How Writing about Things is like other kinds of creative nonfiction: It is a searching piece of writing. It is writing to know. It is the writer asking a question and writing her way to an answer. In fact, perhaps more than any other sort of writing we have looked at, writing about things, or the personal essay, is exploratory writing. It is not about the finality of knowing for sure; it is about the uncertainty of trying to find out. Furthermore, it is writing from, as the phrase personal essay would suggest, your unique and idiosyncratic experience of the world. It is about you and your areas of interest and expertise. Your life experience will help you flesh out your argument.

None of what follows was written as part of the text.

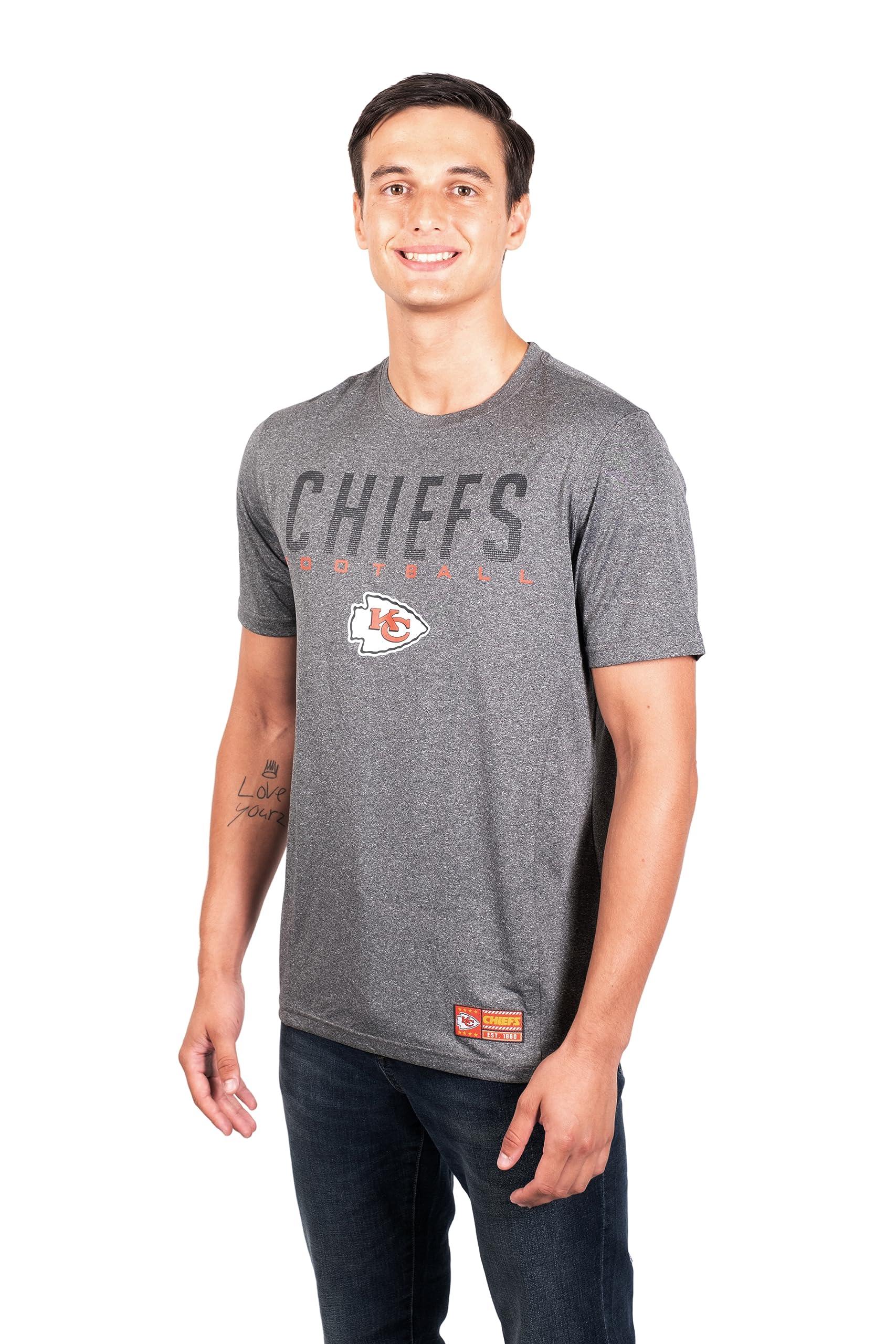 Ultra Game NFL Kansas City Chiefs Mens Super Soft Ultimate Game Day T-Shirt|Kansas City Chiefs - UltraGameShop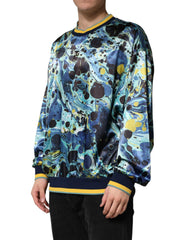 Dolce & Gabbana Trui met veelkleurige marmerprint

It is where your answer—and your question—will come from.
How Writing about Things is different than other kinds of creative nonfiction: Of late, the personal essay has been more about the personal and less about the essay. But the essay itself is a very old art form. The 18th Century French intellectual and critic Montaigne is frequently credited with having made the genre what we know it today, but there are versions of the essay in both a western and a nonwestern tradition. The tradition of the personal essay is a critical one—review writing in its best form is a kind of personal essay. Meditations on war and peace and culture and style, on quirky trends and larger, timeless concerns that define our shared humanity—all of this is the stuff of the traditional essay. It is an essay of philosophy. It is rigorous, but musing. As you will see from the readings we are doing for this part of class, the personal essay takes on issues and ideas that we are all aware of (or should be aware of), but looks at them from a personal perspective.
Public and Private: I have this paper be the last we write together because it is a good bridge from the more personal kind of writing that we’ve been doing all semester long into the more academic writing that you will need to do for most of your other classes in college. It is both personal—in that these are your ideas and your experiences and your interests. But it is also public—it’s about ideas that everyone could have an opinion about: some movie, some baseball game, some form of dance, some kind of hairstyle. Balancing the public and the private is a big part of this assignment.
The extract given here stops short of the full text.